Start of EXERCISE INPUT
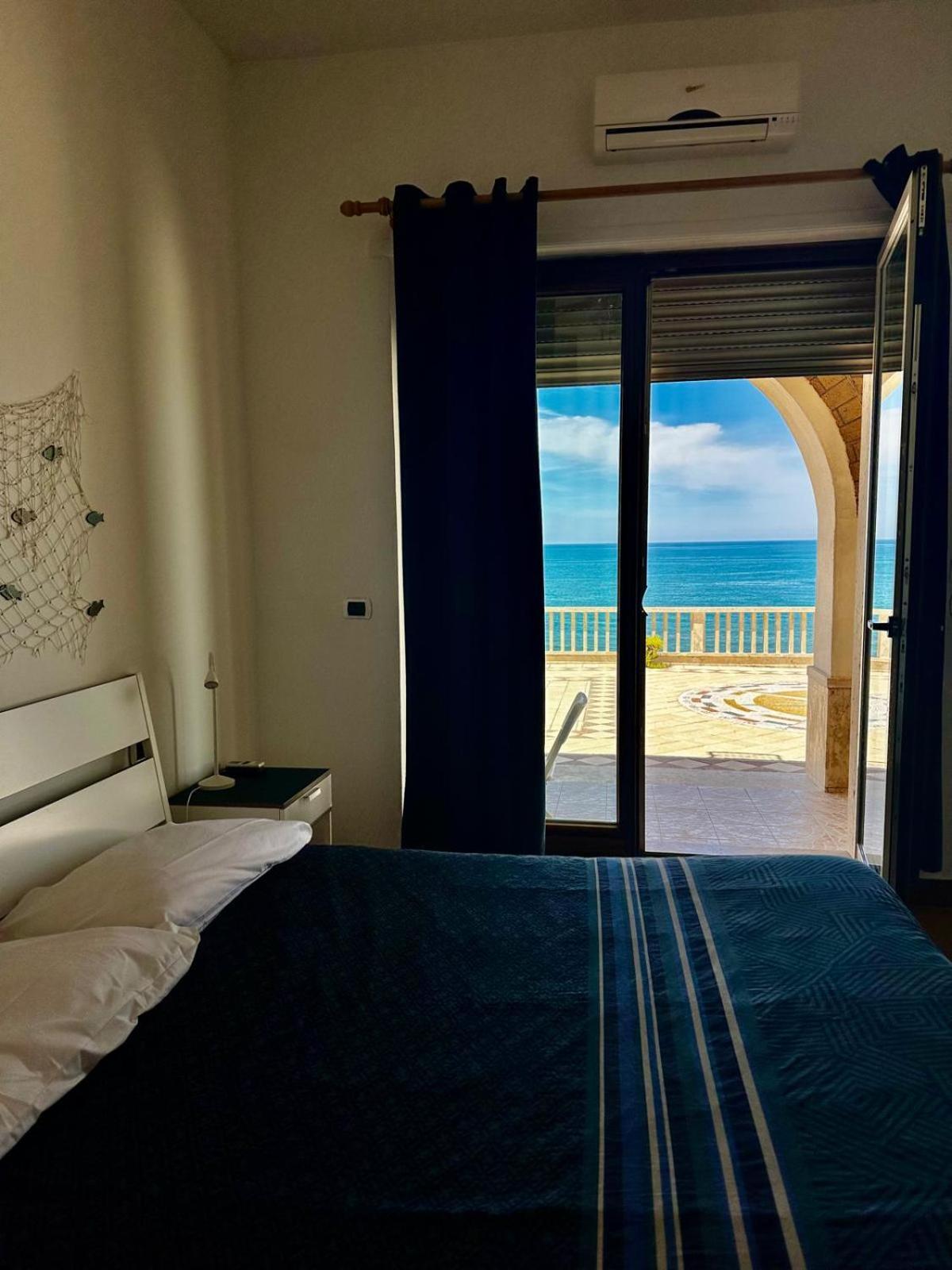 Il Paradiso Sul Mare آنسيو المظهر الخارجي الصورة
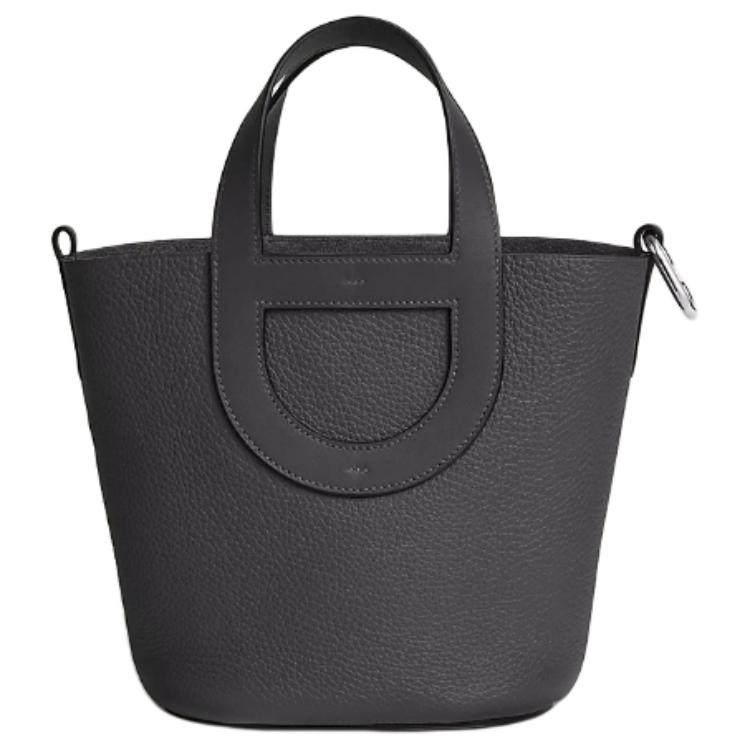 HERMES Сумка-ведро Клеманс из бычьей кожи с кожаной корзинкой и свиным носиком
HERMES Сумка-ведро Клеманс из бычьей кожи с кожаной корзинкой и свиным носиком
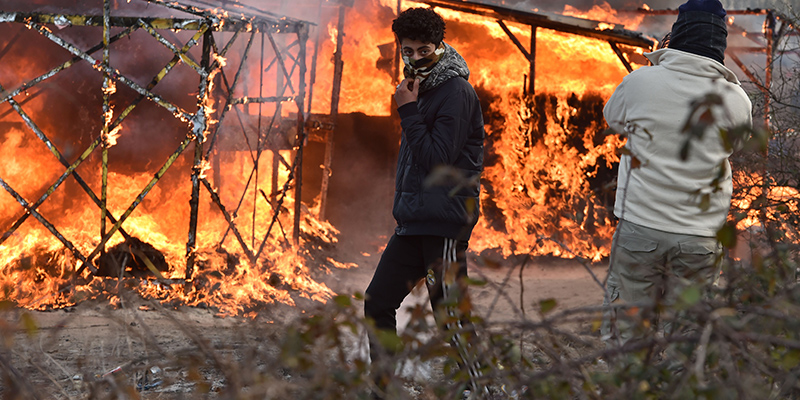 Sgombero e scontri nel campo di Calais, 29 febbraio 2016 (PHILIPPE HUGUEN/AFP/Getty Images)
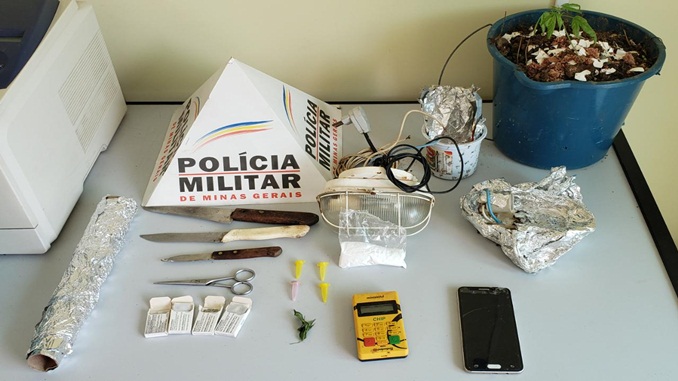 Jovem é preso por tráfico de drogas, em Barbacena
End of EXERCISE INPUT
**WHAT THE TASK ASKS**
Return every line of the listing exactly, leaving its pictures behind.

**ANSWER TO THIS EXERCISE**
 Il Paradiso Sul Mare آنسيو المظهر الخارجي الصورة
 HERMES Сумка-ведро Клеманс из бычьей кожи с кожаной корзинкой и свиным носиком
HERMES Сумка-ведро Клеманс из бычьей кожи с кожаной корзинкой и свиным носиком
 Sgombero e scontri nel campo di Calais, 29 febbraio 2016 (PHILIPPE HUGUEN/AFP/Getty Images)
 Jovem é preso por tráfico de drogas, em Barbacena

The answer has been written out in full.